**Items from a dataset**
-- Opening Marker --
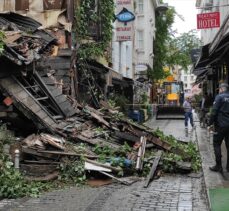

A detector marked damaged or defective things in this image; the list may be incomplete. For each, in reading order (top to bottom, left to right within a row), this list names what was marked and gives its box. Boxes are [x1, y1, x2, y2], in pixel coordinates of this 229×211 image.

splintered wood plank [143, 150, 163, 188]
broken timber [143, 150, 163, 188]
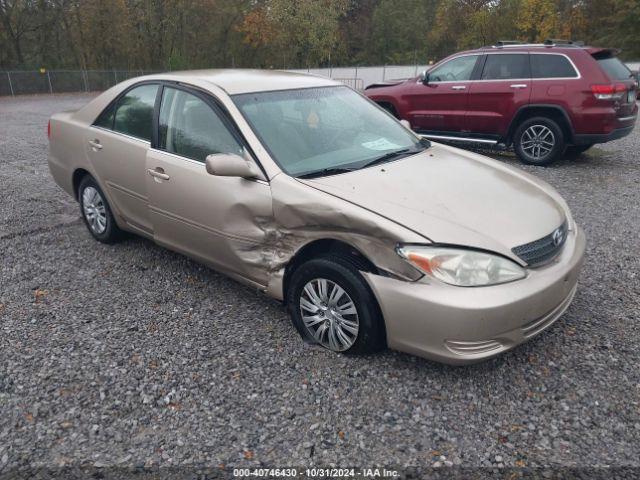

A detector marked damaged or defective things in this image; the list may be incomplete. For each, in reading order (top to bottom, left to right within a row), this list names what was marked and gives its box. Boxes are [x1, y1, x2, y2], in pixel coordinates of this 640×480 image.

damaged gold toyota camry [48, 69, 584, 364]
-- Closing Marker --
Set down all the entries exactly as they appear, but skip any pictures.

**TASK RESPONSE**
A detector marked damaged or defective things in this image; the list may be incomplete. For each, in reading order (top to bottom, left to right within a row), this list names what was marked and gives its box. Boxes are [x1, y1, x2, y2], in pixel coordinates of this 229×211 image.

splintered wood plank [143, 150, 163, 188]
broken timber [143, 150, 163, 188]

A detector marked damaged or defective things in this image; the list may be incomplete. For each, in reading order (top to bottom, left to right within a row), this list names what was marked and gives its box. Boxes are [x1, y1, x2, y2], in pixel coordinates of this 640×480 image.

damaged gold toyota camry [48, 69, 584, 364]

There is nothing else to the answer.